Mis à jour le 4 juillet 2026 — Sami Hami, courtier en assurances (ORIAS n° 22001730)
Qui doit souscrire une assurance dommages-ouvrage ?
L’obligation pèse sur le maître d’ouvrage, c’est-à-dire la personne pour le compte de laquelle les travaux sont réalisés. L’article L242-1 du Code des assurances impose à « toute personne physique ou morale qui fait réaliser des travaux de construction » de souscrire une assurance dommages-ouvrage avant l’ouverture du chantier. Cette règle, posée par la loi Spinetta du 4 janvier 1978, ne connaît que peu d’exceptions.
Sont donc concernés :
le particulier qui fait bâtir sa maison individuelle ou qui engage une rénovation lourde touchant à la structure (surélévation, ouverture de murs porteurs, réfection de charpente ou de fondations) ;
la SCI qui fait construire ou réhabiliter un bien immobilier ;
le promoteur immobilier et le marchand de biens, qui construisent ou rénovent pour revendre ;
le maître d’ouvrage qui recourt à un contrat de construction de maison individuelle (CCMI) : la dommages-ouvrage reste à sa charge, même si le constructeur l’accompagne dans la démarche.

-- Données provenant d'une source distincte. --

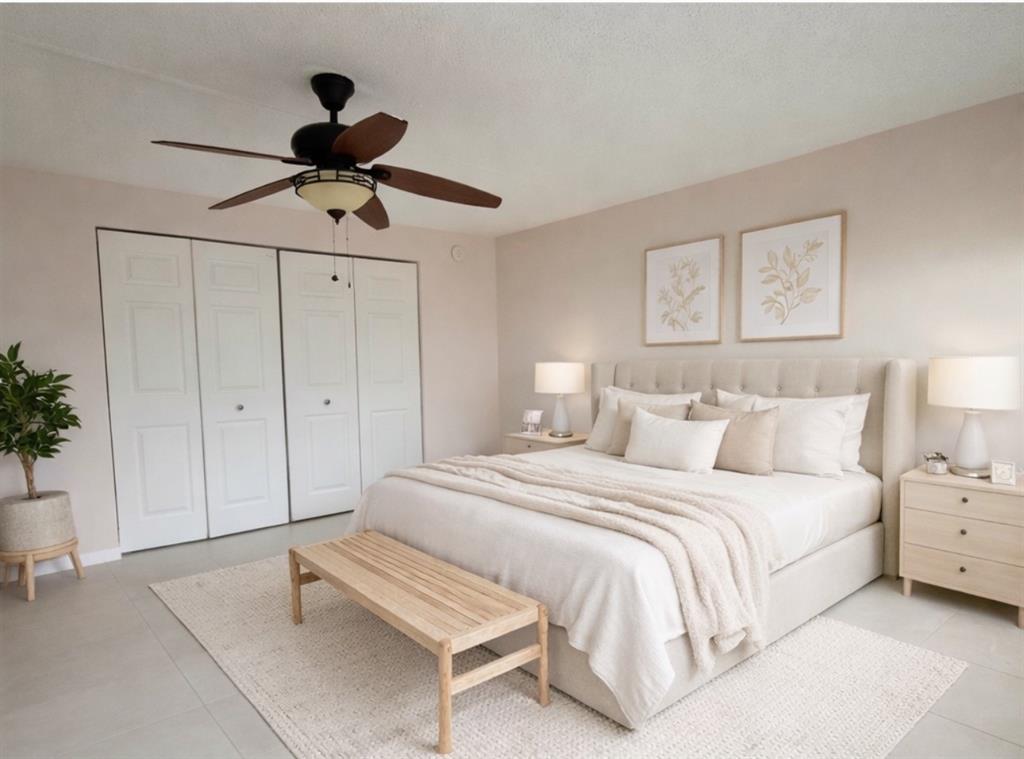 a spacious bedroom with a bed and a chandelier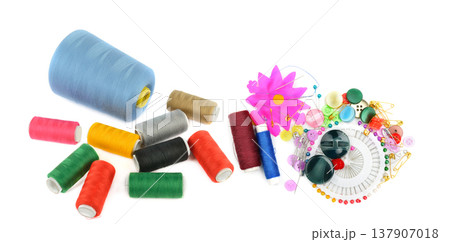 Comprehensive sewing kit with colorful thread spools, buttons, pins, and needles isolated on a white background. Top view of essential tailor tools and dressmaking accessories for DIY crafts. 137907018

Il faut bien distinguer cette garantie de l’assurance de responsabilité décennale du constructeur. La décennale couvre l’entreprise ou l’artisan au titre de sa responsabilité ; la dommages-ouvrage, elle, protège le maître d’ouvrage et le bâtiment. Les deux sont complémentaires : l’une préfinance, l’autre indemnise in fine.
Comment fonctionne la dommages-ouvrage : le système à double détente
La force de la dommages-ouvrage tient à un principe simple mais essentiel : le préfinancement sans recherche de responsabilité. Concrètement, lorsqu’un désordre de nature décennale apparaît, vous déclarez le sinistre et l’assurance finance les réparations sans attendre qu’un tribunal désigne le responsable. Vous n’avez pas à supporter des années de procédure avant de voir votre bien réparé.
C’est ce que l’on appelle le mécanisme « à double détente » :
Première détente — la dommages-ouvrage préfinance rapidement les travaux de reprise, sur la seule constatation que le dommage relève de la garantie décennale ;
Seconde détente — une fois vous indemnisé, l’assureur se retourne, par subrogation, contre les constructeurs responsables et leurs propres assureurs pour récupérer les sommes engagées.
Le maître d’ouvrage est ainsi tenu à l’écart du débat sur les responsabilités. La loi encadre en outre les délais de l’assureur dommages-ouvrage : il dispose de 60 jours pour notifier sa décision sur la prise en charge du sinistre, puis, en cas d’accord, de 90 jours pour présenter une offre d’indemnité (article L242-1 et annexe II à l’article A243-1 du Code des assurances). Ces délais sont un vrai levier : ils obligent l’assureur à se prononcer vite.
Ce que couvre la dommages-ouvrage (et ce qu'elle ne couvre pas)
La dommages-ouvrage a un périmètre précis : elle prend en charge les désordres de nature décennale. Ce sont, au sens des articles 1792 et 1792-1 à 1792-7 du Code civil, les dommages qui compromettent la solidité de l’ouvrage ou qui le rendent impropre à sa destination. Sont également visés les désordres affectant les éléments d’équipement indissociables de la structure.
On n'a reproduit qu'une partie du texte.